Reproduce only what runs from the line containing "iHomor 100% Silk" to the line containing "Load image into" in the records below, inclusive. Keep it exact, and keep the pictures out.

● Supplied information
'''

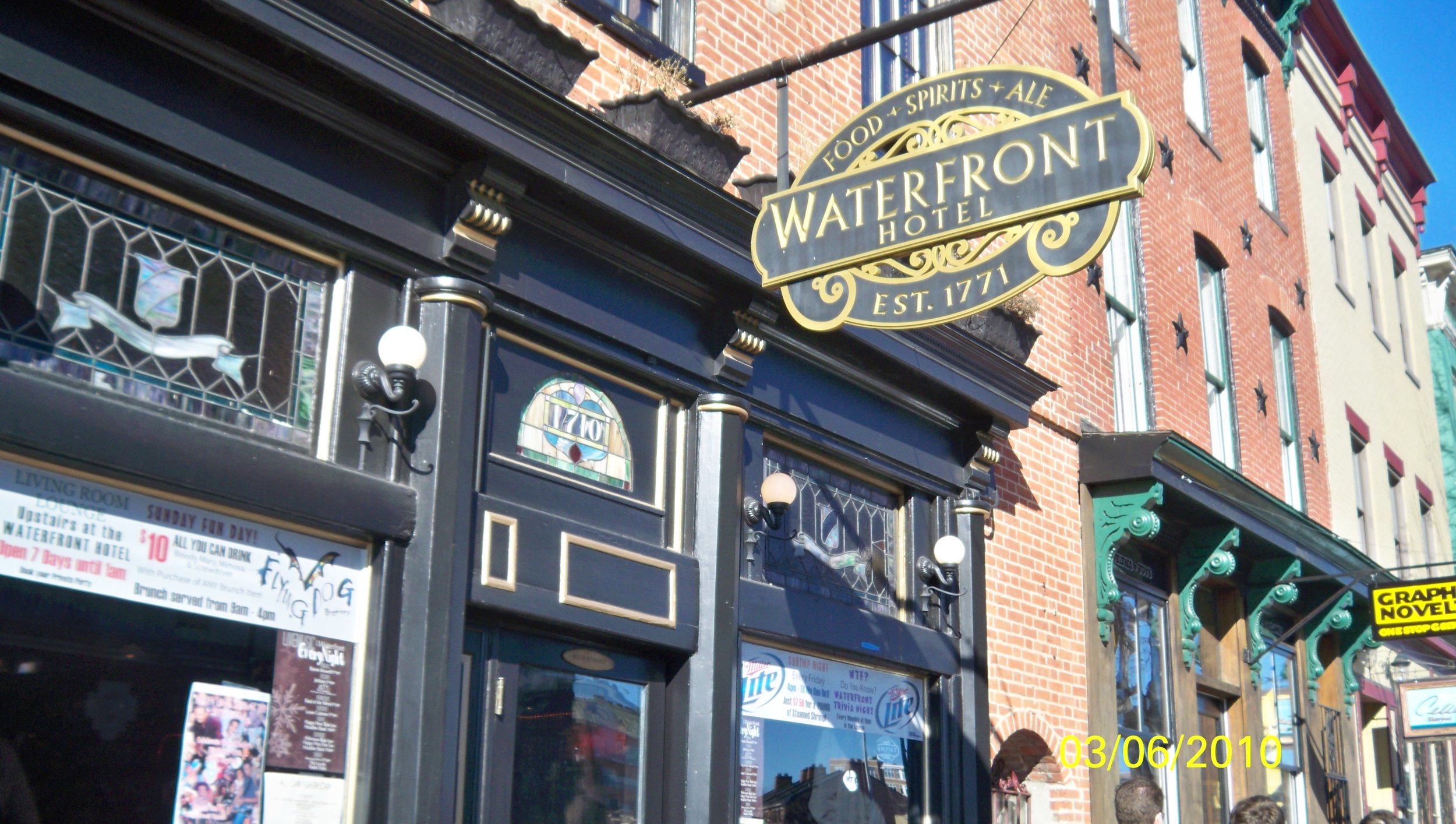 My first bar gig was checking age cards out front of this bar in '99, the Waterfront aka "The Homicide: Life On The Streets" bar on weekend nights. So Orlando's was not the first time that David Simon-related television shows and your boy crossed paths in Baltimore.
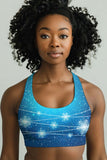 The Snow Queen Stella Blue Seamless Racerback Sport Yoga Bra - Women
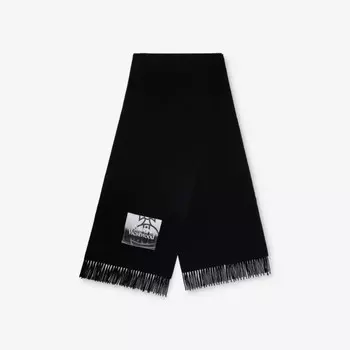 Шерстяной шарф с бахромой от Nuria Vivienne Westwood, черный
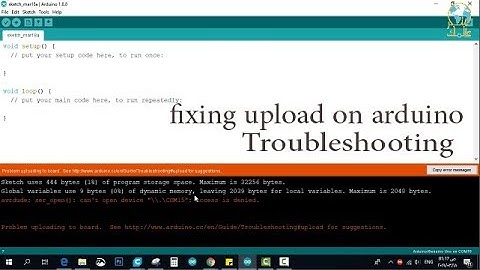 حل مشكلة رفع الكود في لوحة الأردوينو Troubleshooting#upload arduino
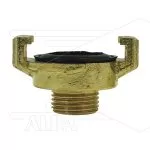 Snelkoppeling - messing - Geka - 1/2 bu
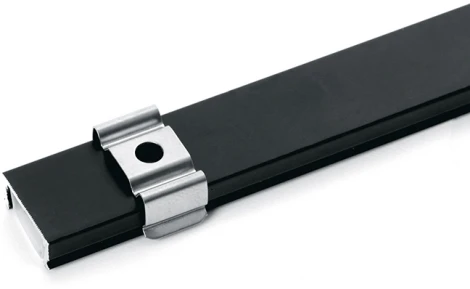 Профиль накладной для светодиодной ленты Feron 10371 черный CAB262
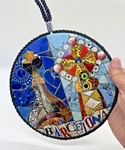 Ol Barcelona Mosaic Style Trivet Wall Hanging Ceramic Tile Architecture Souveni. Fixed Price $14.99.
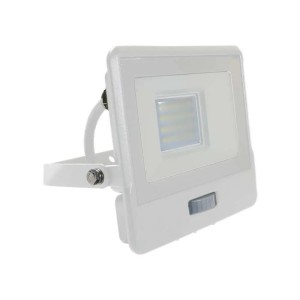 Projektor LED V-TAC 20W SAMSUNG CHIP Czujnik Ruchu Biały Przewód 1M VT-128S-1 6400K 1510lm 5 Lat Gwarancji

'''
'''

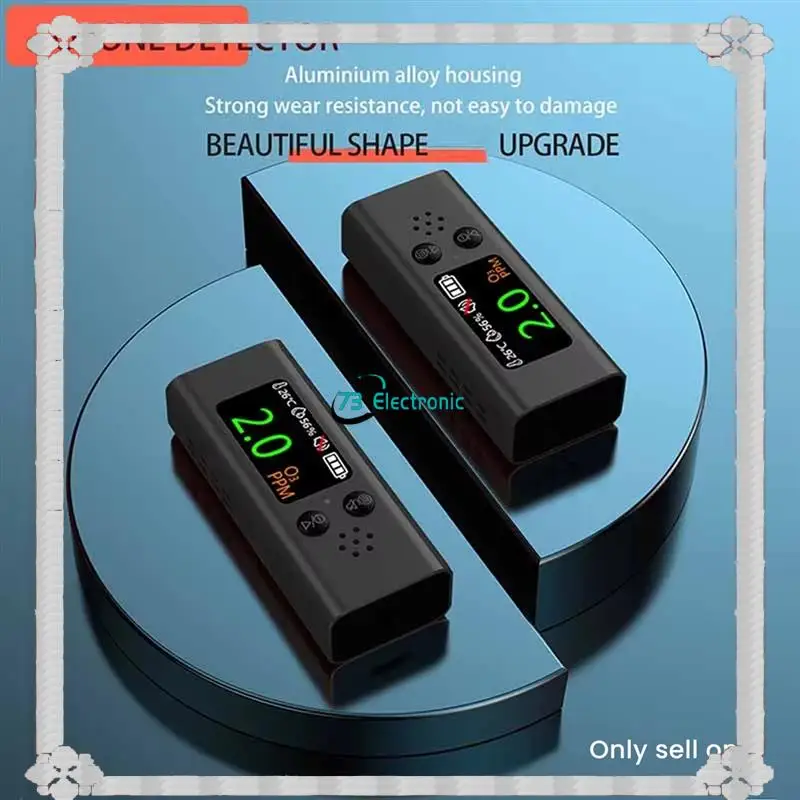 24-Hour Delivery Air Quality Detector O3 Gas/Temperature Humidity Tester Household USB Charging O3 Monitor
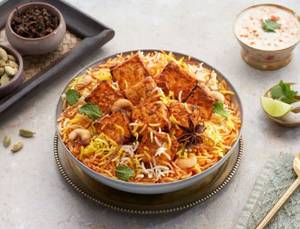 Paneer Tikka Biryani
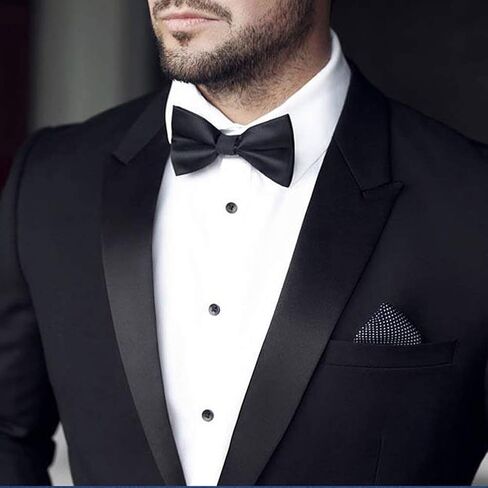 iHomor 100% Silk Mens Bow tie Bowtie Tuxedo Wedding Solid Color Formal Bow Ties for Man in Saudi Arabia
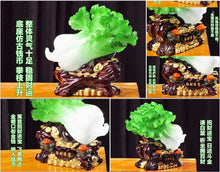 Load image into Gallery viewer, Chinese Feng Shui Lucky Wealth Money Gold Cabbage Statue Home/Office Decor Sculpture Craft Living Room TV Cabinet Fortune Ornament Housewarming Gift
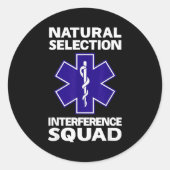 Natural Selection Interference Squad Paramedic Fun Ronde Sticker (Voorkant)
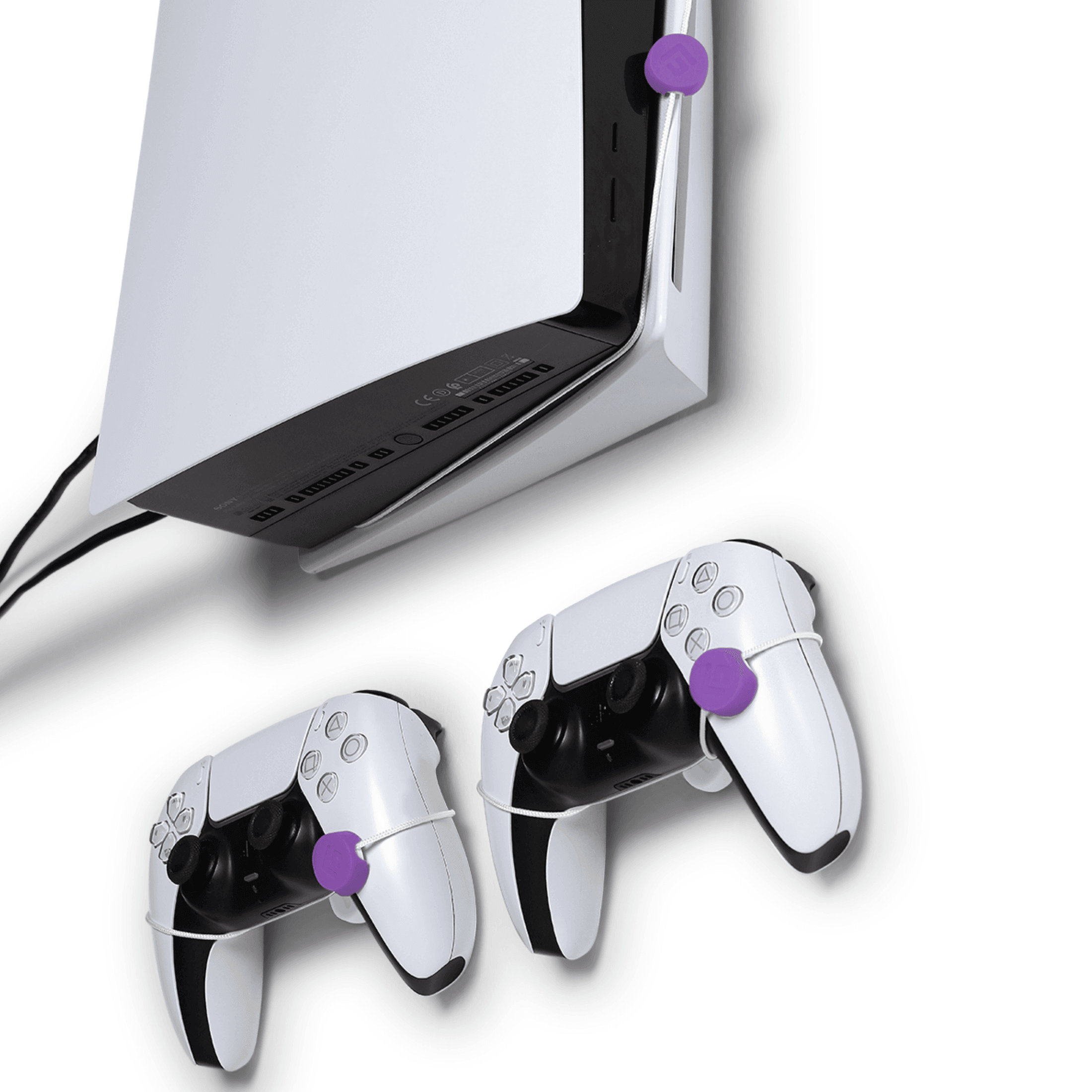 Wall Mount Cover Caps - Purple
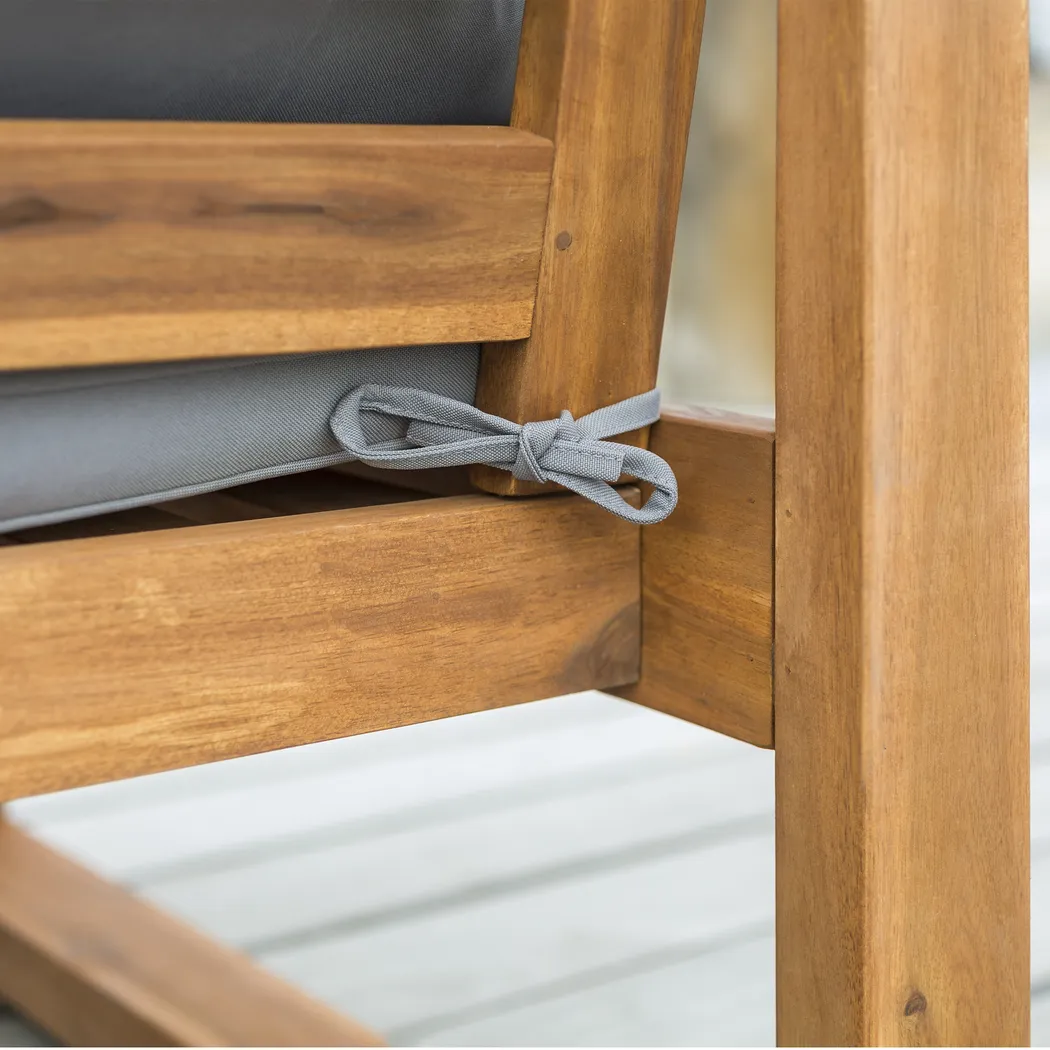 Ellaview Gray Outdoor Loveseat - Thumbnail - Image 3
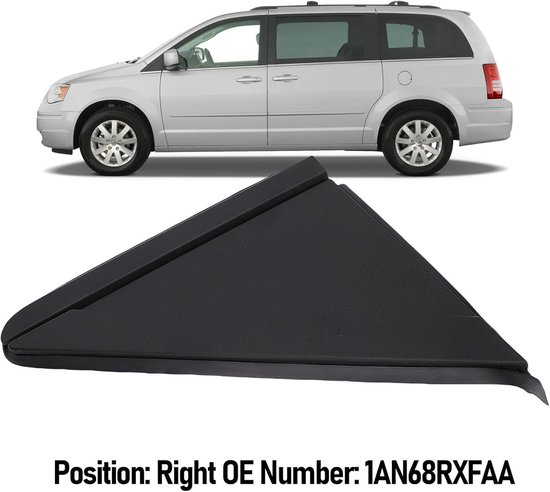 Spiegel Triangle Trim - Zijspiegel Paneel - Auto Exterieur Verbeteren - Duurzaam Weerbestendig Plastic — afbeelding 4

'''

● Result of the task
 iHomor 100% Silk Mens Bow tie Bowtie Tuxedo Wedding Solid Color Formal Bow Ties for Man in Saudi Arabia
 Load image into Gallery viewer, Chinese Feng Shui Lucky Wealth Money Gold Cabbage Statue Home/Office Decor Sculpture Craft Living Room TV Cabinet Fortune Ornament Housewarming Gift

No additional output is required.